### Short descriptive text snippets
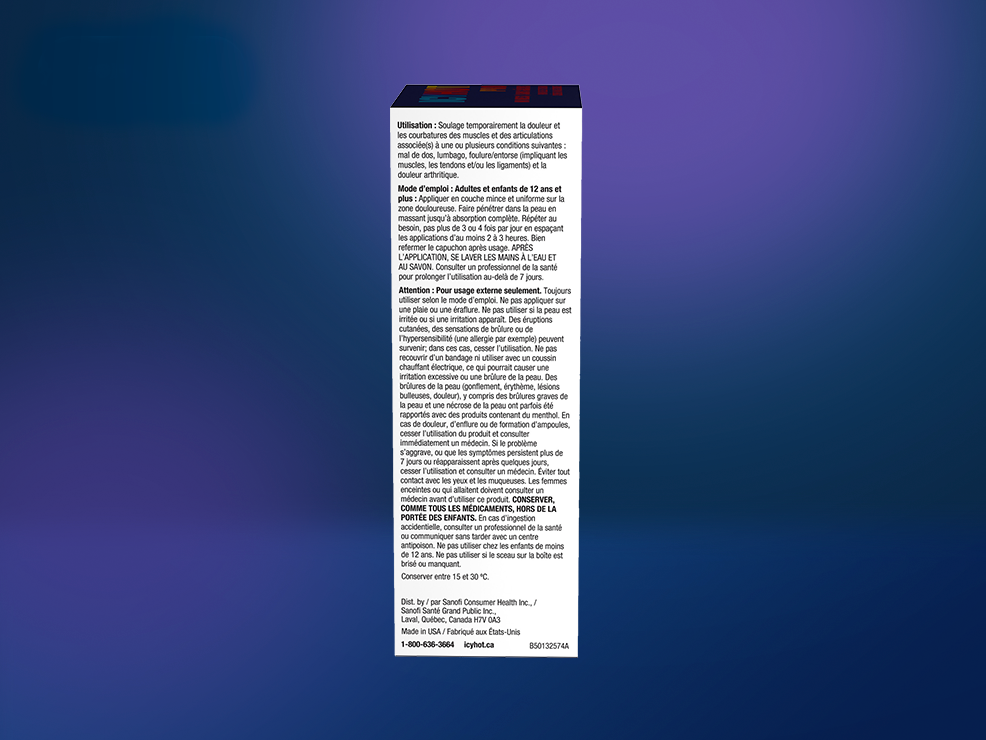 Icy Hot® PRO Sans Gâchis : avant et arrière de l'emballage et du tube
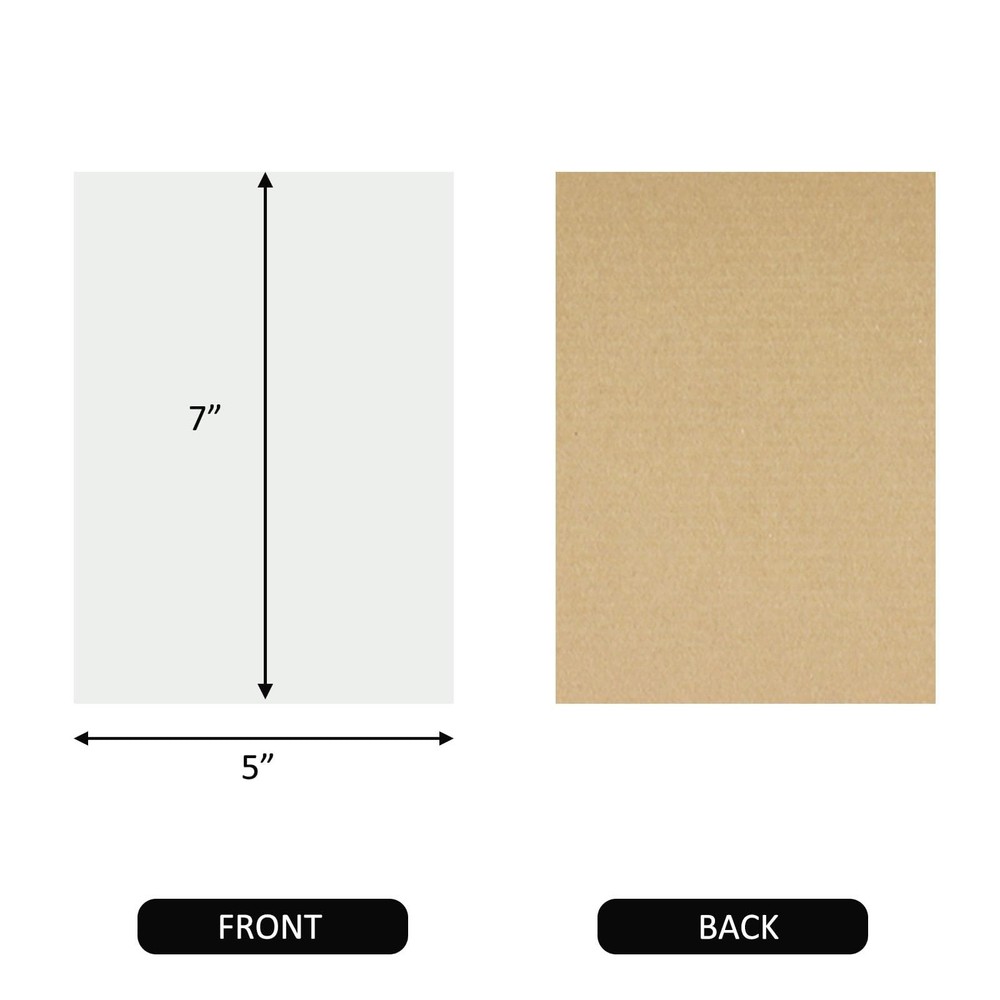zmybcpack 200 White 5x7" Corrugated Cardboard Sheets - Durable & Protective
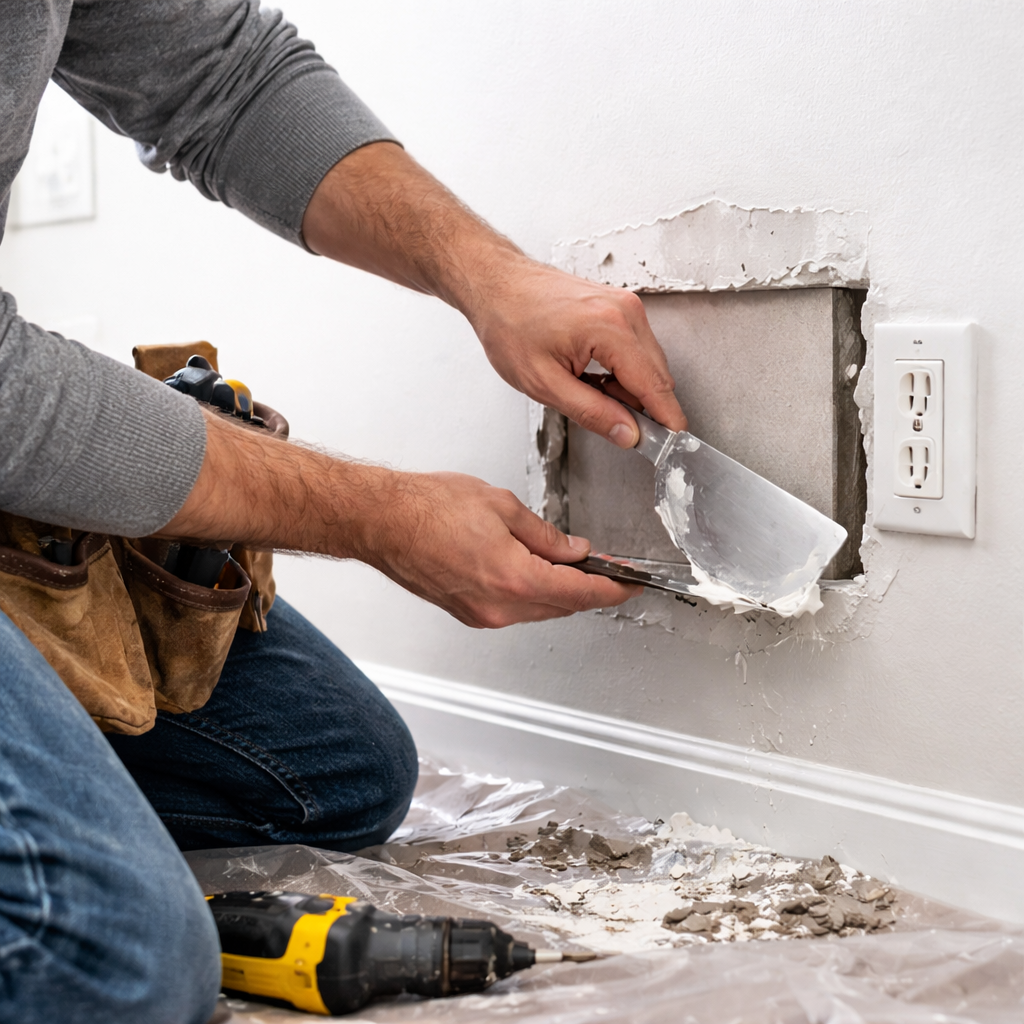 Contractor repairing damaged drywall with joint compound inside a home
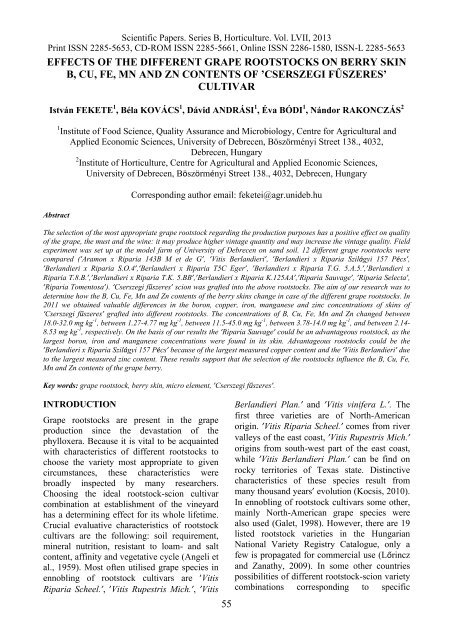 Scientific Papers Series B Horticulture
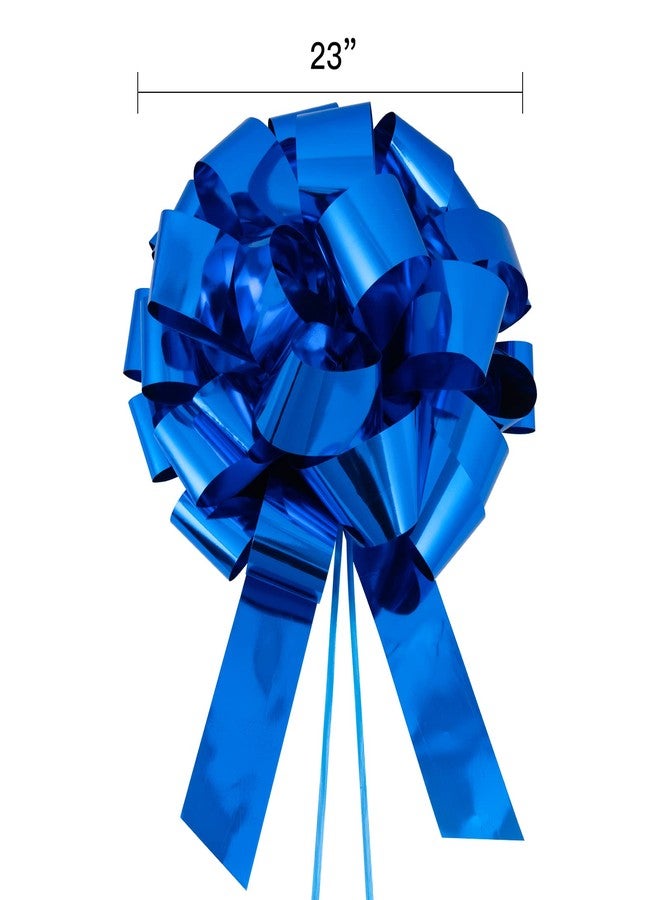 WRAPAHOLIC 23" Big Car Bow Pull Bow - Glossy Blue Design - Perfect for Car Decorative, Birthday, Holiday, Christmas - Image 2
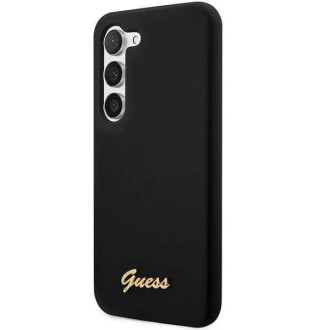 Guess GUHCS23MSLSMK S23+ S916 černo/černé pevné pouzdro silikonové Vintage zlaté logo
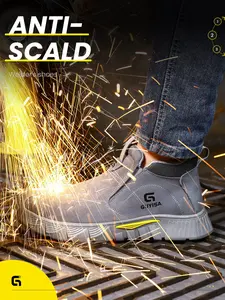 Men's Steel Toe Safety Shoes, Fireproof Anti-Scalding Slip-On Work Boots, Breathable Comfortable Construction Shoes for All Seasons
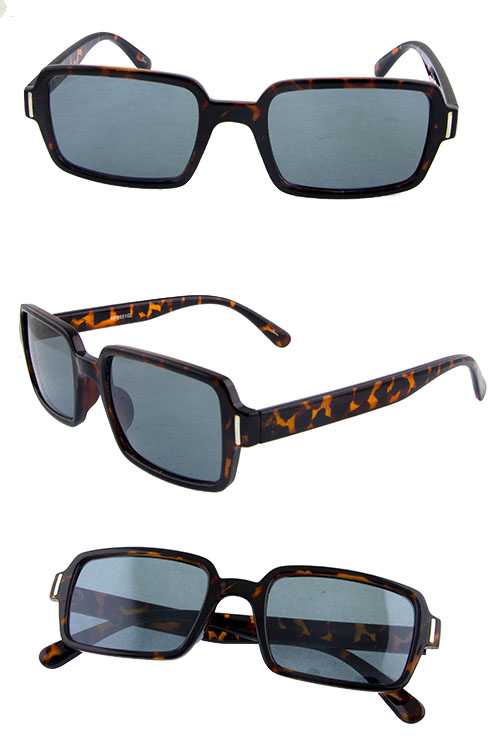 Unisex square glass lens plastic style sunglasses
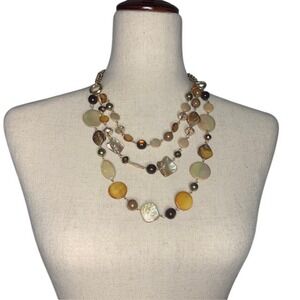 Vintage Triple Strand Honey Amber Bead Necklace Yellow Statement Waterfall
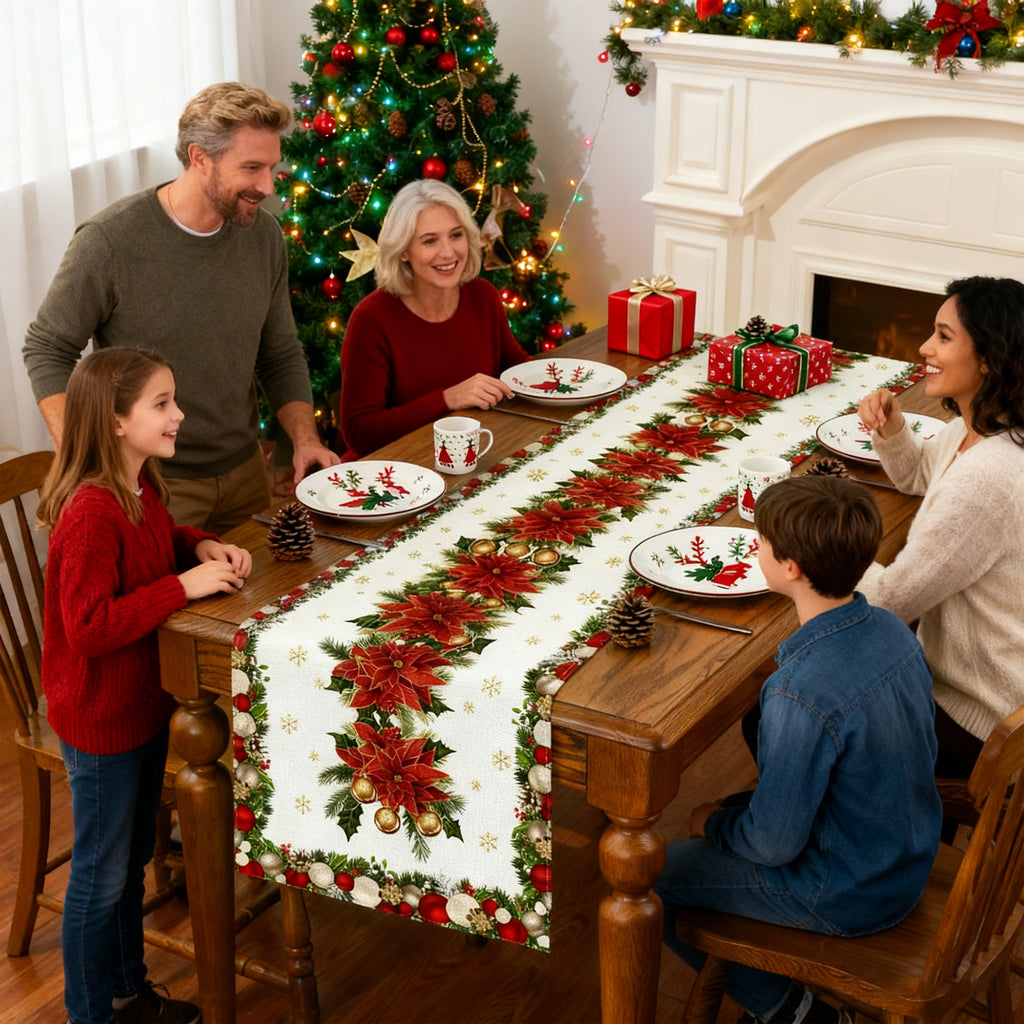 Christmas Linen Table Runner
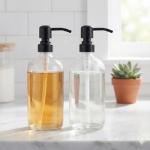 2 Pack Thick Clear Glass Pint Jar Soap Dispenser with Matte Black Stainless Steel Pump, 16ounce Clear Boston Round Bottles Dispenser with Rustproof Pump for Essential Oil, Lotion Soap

### Goal of the exercise
Could you repeat, exactly and with nothing else, the lines from the one containing "Christmas - Image 2" through the last line of the records above, leaving out the pictures?

### Reply to the exercise
 WRAPAHOLIC 23" Big Car Bow Pull Bow - Glossy Blue Design - Perfect for Car Decorative, Birthday, Holiday, Christmas - Image 2
 Guess GUHCS23MSLSMK S23+ S916 černo/černé pevné pouzdro silikonové Vintage zlaté logo
 Men's Steel Toe Safety Shoes, Fireproof Anti-Scalding Slip-On Work Boots, Breathable Comfortable Construction Shoes for All Seasons
 Unisex square glass lens plastic style sunglasses
 Vintage Triple Strand Honey Amber Bead Necklace Yellow Statement Waterfall
 Christmas Linen Table Runner
 2 Pack Thick Clear Glass Pint Jar Soap Dispenser with Matte Black Stainless Steel Pump, 16ounce Clear Boston Round Bottles Dispenser with Rustproof Pump for Essential Oil, Lotion Soap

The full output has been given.